Thursday, February 10, 2022

Self Care and Cooking

Yesterday was a rainy day, which was delightful for me.  My spouse headed off to do his in-person teaching after doing his online teaching in our living room.  I sprung into action.  I had a vision for dinner:  a quiche and lemon yogurt muffins.  I decided to make the pie crust from scratch, which is not one of my strong suits.

I made this FB post, which I shortened into a Tweet; this detail will be important later:

"On today's docket: cooking as self-care. I will make pumpkin butter to spread on toasted slices of homemade bread, lemon yogurt muffins, and a quiche for tonight. Yes, I am still making the food that I first learned to make from Mollie Katzen's "The Enchanted Broccoli Forest Cookbook." But decades later, I no longer need to consult a recipe."

Even before I started baking, I knew that I might not have any muffin pans.  Once I had 2 pans that made 12 muffins.  I knew that one had rusted beyond repair in the post-hurricane Irma flooding.  I thought back to my summer sorting.  Would I have given the other one to Good Will? I can see myself scoffing at the idea that I would ever have time to make muffins again.
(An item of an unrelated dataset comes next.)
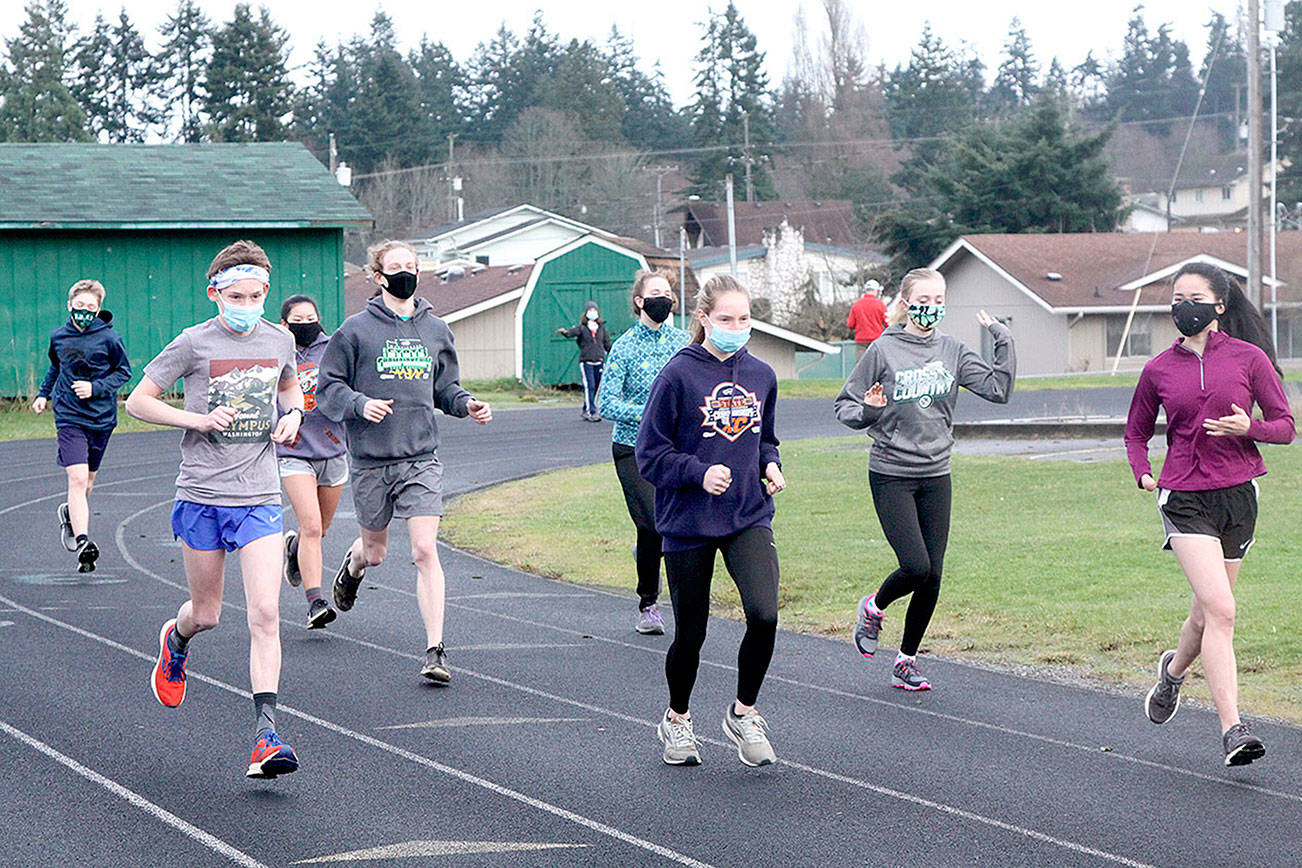 Dave Logan/for Peninsula Daily News
Port Angeles Roughrider cross country runners begin practicing Monday at the Port Angeles High School track. The first cross country meets are scheduled Saturday as prep sports slowly return to the Olympic Peninsula. Only cross country can begin competing at the moment but other sports are practicing in hopes of beginning in mid-February.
I can see myself pledging allegiance to my loaf pans.  Happily, I kept the small loaf tins, and they worked perfectly.

As I talked about yesterday, I was happy not to be on campus on a Wednesday.  Near 11:00, I made this FB post:  

"In a few minutes, my colleagues at the school that severed me will go to their weekly Campus Directors' video meeting on Teams. That meeting will last at least 90 minutes. Meanwhile, I am about to bite into a fragrant lemon loaf, fresh and hot from my home oven. Ahhhhhh."

At the end of the day, I hadn't made the pumpkin butter, but we did have quiche, roasted broccoli, and lemon muffins for dinner.  Actually, I didn't eat the lemon muffins.  I had eaten my fill earlier in the day.
After I got flour all over the kitchen, I swept and mopped the floors, which was something I had planned to do even before I knew that I would be baking.

Just before my evening seminary small group, I went back to check on Twitter.  Much to my delight, Mollie Katzen had responded to my tweet!!!  I made this FB post:

"I took the post below about what I would cook today, and what cookbook inspired it, and I turned it into a tweet, tagging the cookbook author Mollie Katzen. SHE RESPONDED TO MY TWEET!!!! She wrote, 'Perfect, all of this.' It's the modern day fan letter--and I got a response!!!"

Back in 1982, my mom gave me The Enchanted Broccoli Forest cookbook for Christmas;  it was the cookbook that most shaped me.  I am so glad that Mollie Katzen is still alive, still doing good in the world and responding to fan-girl tweets that tag her.  I am so glad that I am still able to cook that kind of food, that I can practice self-care in these underemployment days, in the form of cooking.

1 comment:

Dave Bonta said...

That's awesome. My mother and I both still use Enchanted Broccoli Forest and the first Moosewood (along with the later ones) all the time.